Hayduke Trail – Day 11 (24 miles)

After yesterday afternoons problem of not finding the way down the cliff, I was a bit worried getting up this morning.

After a bit of searching I found a route that was fairly steep but relatively straightforward. I was down. I walked along the creek bed for about half a mile and then turned to skirt along the bottom of the cliff I just descended.

I was heading for Swap Canyon, but first I ducked down into another canyon to get some much-needed water. I filled up 3 litres and drank 2 straight away.

Two problems solved this morning.

I climbed straight out the other side of the canyon and headed for Swap a few miles further on. When I got there, I tried a few side washes into the canyon but kept getting cliffed out. I found one that went on my third attempt.

Swap turned out to be an easy walk on a nice, flat dry creek bed. Along the way, I passed a couple of very small springs.

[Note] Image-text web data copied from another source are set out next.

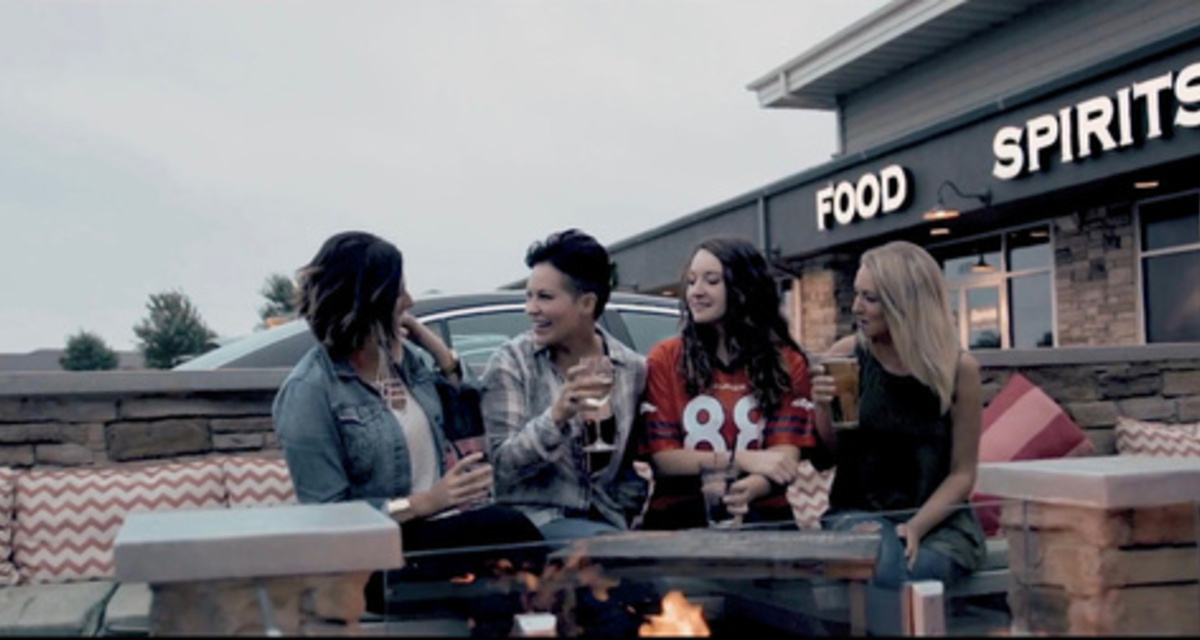 A Rustic Bar & Grill Tinner's Public House Sioux Falls, SD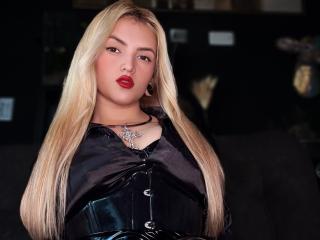 FiorellaNox - Live sex cam - 25855489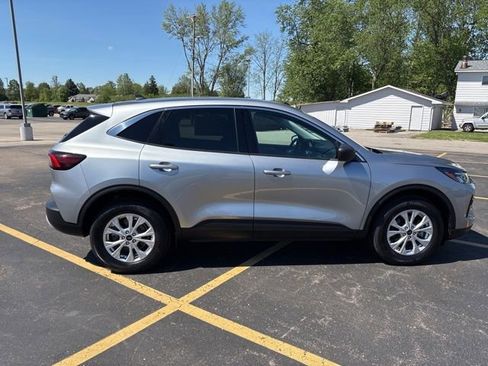 Used 2024 Ford Escape Active AWD/4WD image 2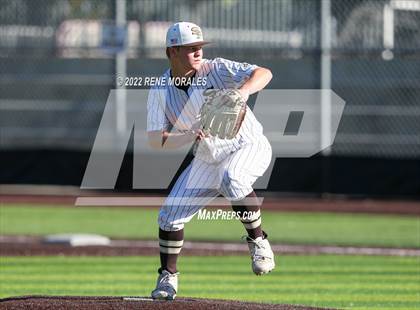Thumbnail 1 in Loyola vs St Francis photogallery.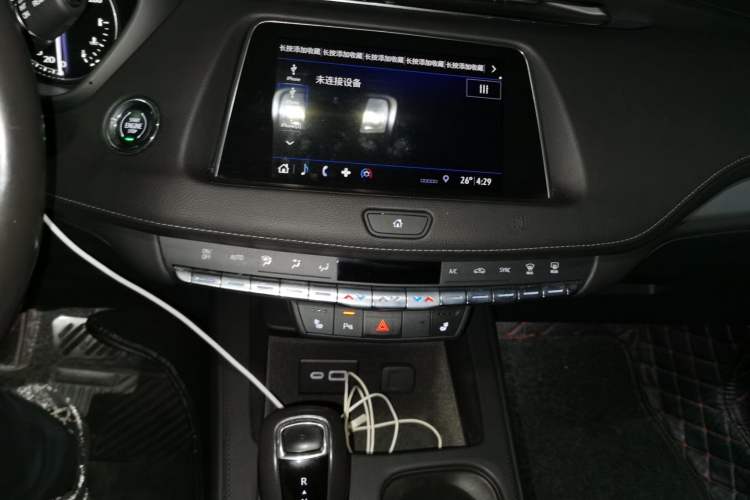 Used Cadillac XT4 2018 28T Two-Wheel-Drive Luxury Model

At the second one, I wanted to fill up as I was facing a 20-mile dry stretch. The tiny flow was too small to use so I dug a little hole.

I kept on following Swap down until it opened out onto the Grand Gulch, a massive valley that runs along the eastern boarder of Capital Reef NP.

Here I got on a rather high use dirt road and used it to get up Burr Canyon. I continued to walk up as a few cars drove past, watching me rather curiously.

When I got to the top I turned off the road and went down into Mukey Twist Canyon. I spent the rest of the afternoon in awe. The canyon was magnificent, with caves, slot canyons and some of the most impressive sandstone walls I’ve ever seen. The walls of the canyon were vertical and were so slick and smooth.

At first, I walked with a lady who was out for a day hike. We chatted for a little while before she wanted to slow down and I wanted to speed up. For the rest of the afternoon, I wasted battery taking so many photos. If you are ever near Capitol Reef NP make sure you come check Lower Mukey Twist Canyon out. It is approx. 20 miles from one trailhead to the other and would make an excellent overnighter). I walked till dusk and watched the setting sun light up the rocks all around me.